Accustomed to Stateside conditions, where alert householders near horse parks, football stadia, and other places of sporting entertainment beckon you to stable your car on their lawn, we looked for similar invitations. But, perhaps because it was the first day (Saturday, DeceAmber 26th, 1959) of Shelly Bay’s reopening, or perhaps because it was Boxing Day and the middle of a three-day Christmas holiday, the track’s neighbors were singularly oblivious to the opportunity of picking up a few year-end pounds.
Our second time around we observed a few cars slithering off the crowded roadway into a muddy declivity surrounded by rocky hills. We joined this skid-parade, and eventually came to rest on a steep slope where seemed likely that we might be able to leave our chariot in comparative safety, provided it did not decide to roll over on its side. We locked the car and clamored up the hill to the track.
Here, at a ticket booth toward which the Hon. B.C.C. Outerbridge, president of the Jockey Club, was training an appraising eye, we parted with ten bob (each) plus two shillings for an official program optimistically announcing “The King of Sports—The Sport of Kings” and bearing a cover portrait of an imposing Man o’ War, or thereabouts.
Writing in these pages back in January 1952, Mr. Cleon Throckmorton described the Shelly Bay track with amazed amusement. “Last year,” he said, “the entire array of horses would disappear behind a large hill covered with trees and bushes. The crowd would stop cheering while the jockeys behind the bump would, as far as any spectator could tell to the contrary, talk it over and decide among themselves which horse would be the winner. After a few moments, they would appear from behind the bushes and the crowd would start rooting again. This fascinating obstruction has since been removed and replaced by a fine a mangrove swamp.”
Mr. Throckmorton, incidentally, managed to get down a ten-shilling bet on Mouse Catcher (Jockey Pete Mello) which came in handsomely and paid off £1.3s. We had no such luck. The officers of the Bermuda Jockey Club, Ltd., well aware that gambling is evil, have thoughtfully arranged the betting windows at Shelly Bay in such a manner that it is virtually impossible to reach them. This is true not only of the apertures at which you purchase you tote tickets, but also at those which pay off. One gentleman who had somehow managed to push his way through the crowds and obtain a ticket which proved a winner, tore it up when the result was announced. “You won’t get me back in that mob for any amount of money,” he announced.
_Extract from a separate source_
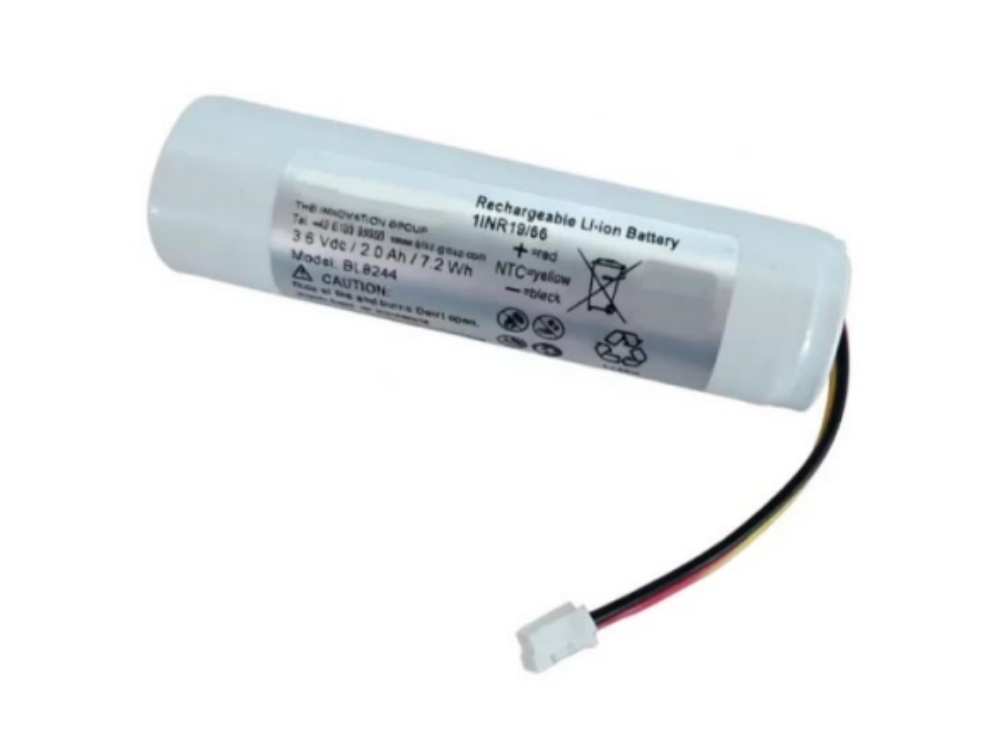 BATTERIA BL8244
When we arrived, the Bermuda Hardwares Trophy, first heat, a one-mile, class A pace, was just concluding, with the Christmas Derby coming up. Unable to get within hailing distance of the betting windows, we contemplated organizing a horse pool of our own. But a stern note in the program hauled us up short: “Bookmaking or betting other than through pari-mutual system is strictly prohibited.” So we contended ourselves with “mental” bets—in which no funds are wagered, but only verbal preferences expressed.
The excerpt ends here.